_INPUT MATERIAL:_
┏━━

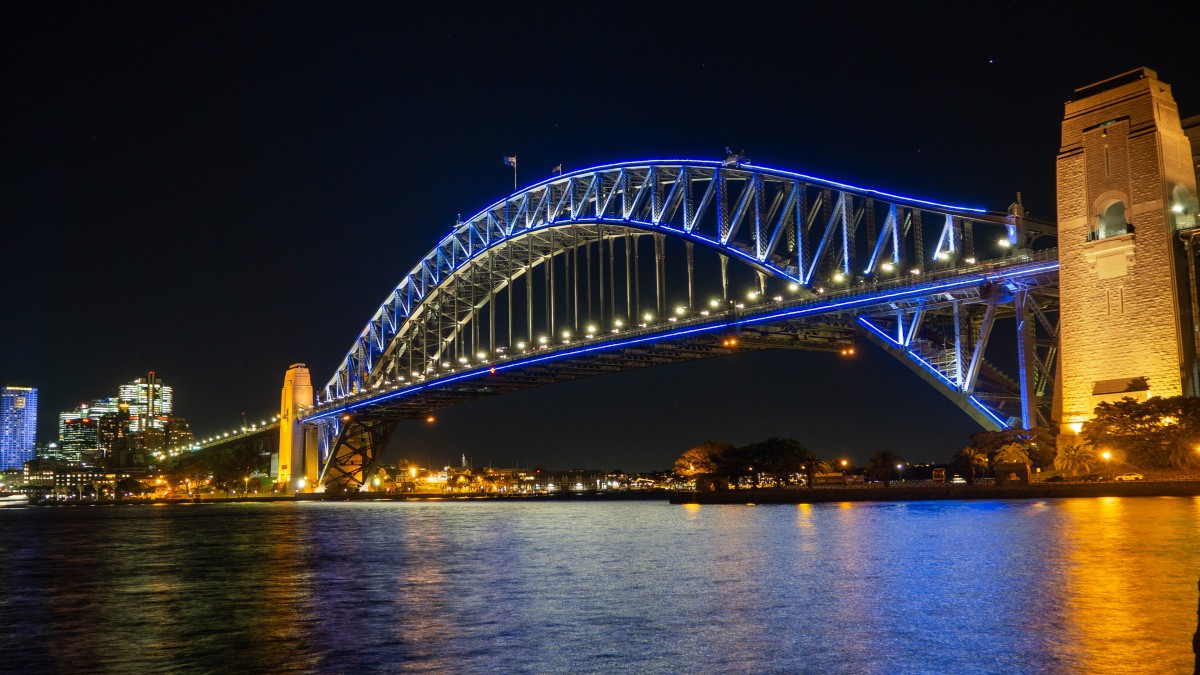 悉尼港湾大桥夜景图片(14/14)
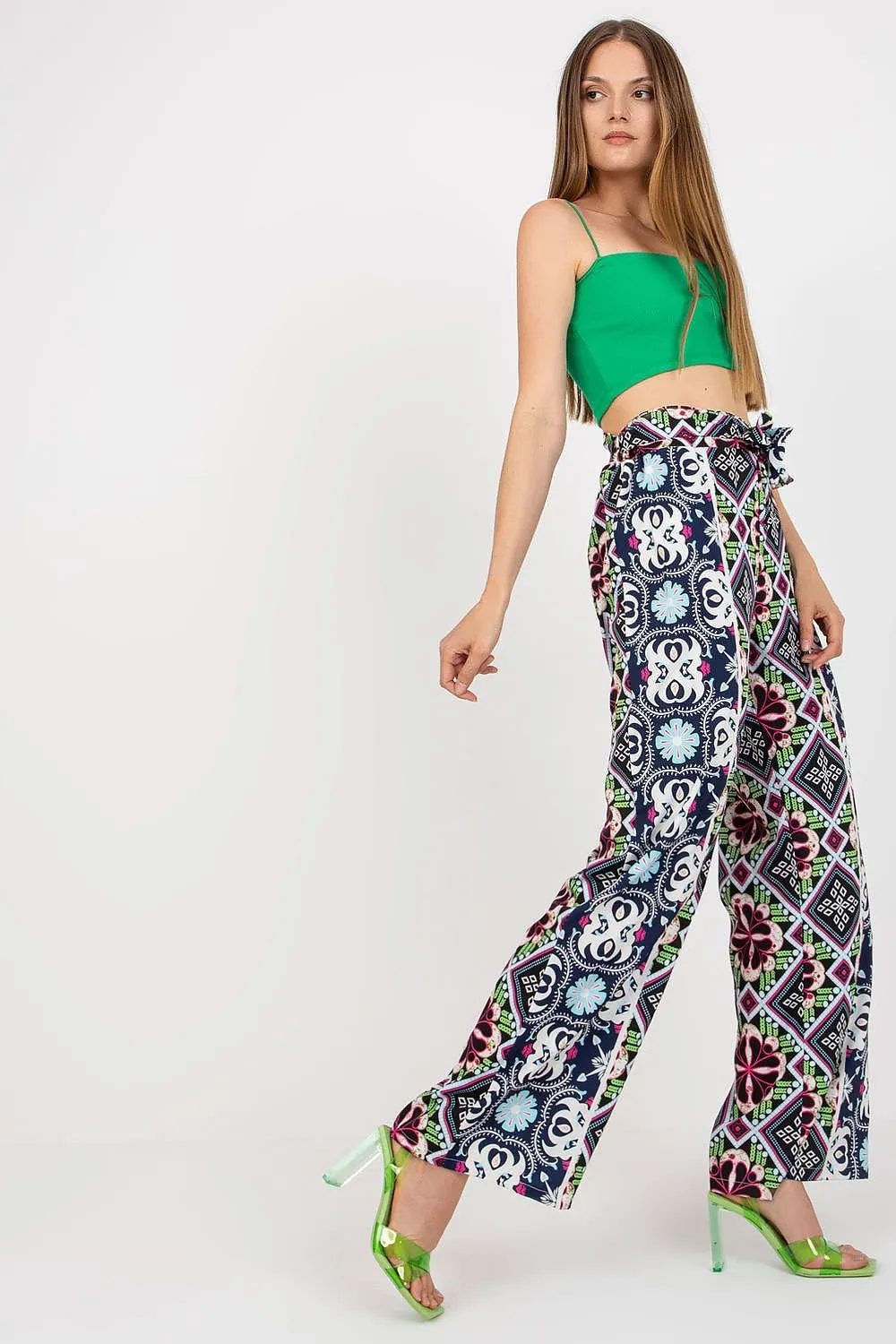 Beachcomber Elastic Waist Palazzos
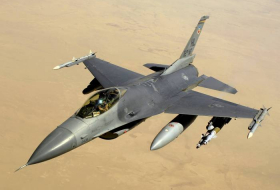 Охоту истребителя F-16 на птиц сняли на видео  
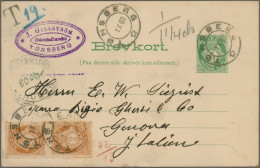 Norway: 1903/1946 Two Postal Stationery Cards And Seven Covers Including Uprated - Lettres & Documents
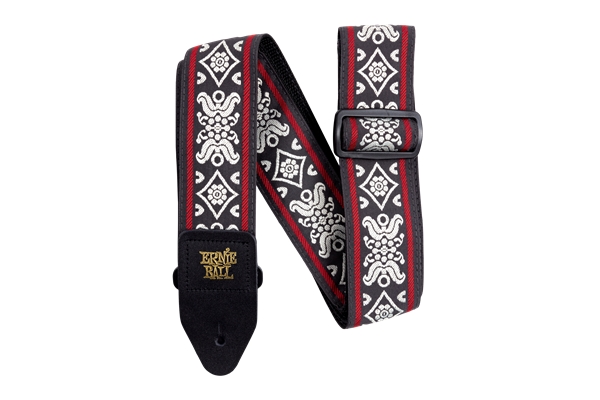 Ernie Ball - 4669 Tracolla Blackjack Red Jacquard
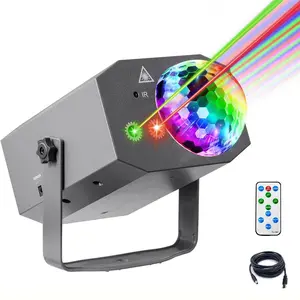 Party Light, RGB Color Changing Disco Ball Light with Remote Control, LED Stage Flash Light, Suitable for Bar Club Wedding Home Decoration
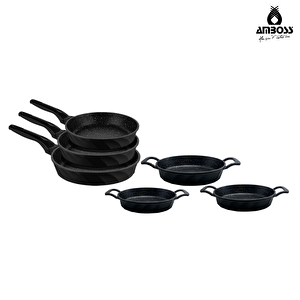 Onix 6 Parça Odin Döküm Tava ve Sahan Seti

┗━━

_WHAT IS REQUIRED:_ Nothing but the lines from the line containing "Beachcomber Elastic Waist Palazzos" through the end of the data, both ends included, is to be reproduced, exactly as written and without the pictures.

_RESULT OF THIS EXERCISE:_
 Beachcomber Elastic Waist Palazzos
 Охоту истребителя F-16 на птиц сняли на видео  
 Norway: 1903/1946 Two Postal Stationery Cards And Seven Covers Including Uprated - Lettres & Documents
 Ernie Ball - 4669 Tracolla Blackjack Red Jacquard
 Party Light, RGB Color Changing Disco Ball Light with Remote Control, LED Stage Flash Light, Suitable for Bar Club Wedding Home Decoration
 Onix 6 Parça Odin Döküm Tava ve Sahan Seti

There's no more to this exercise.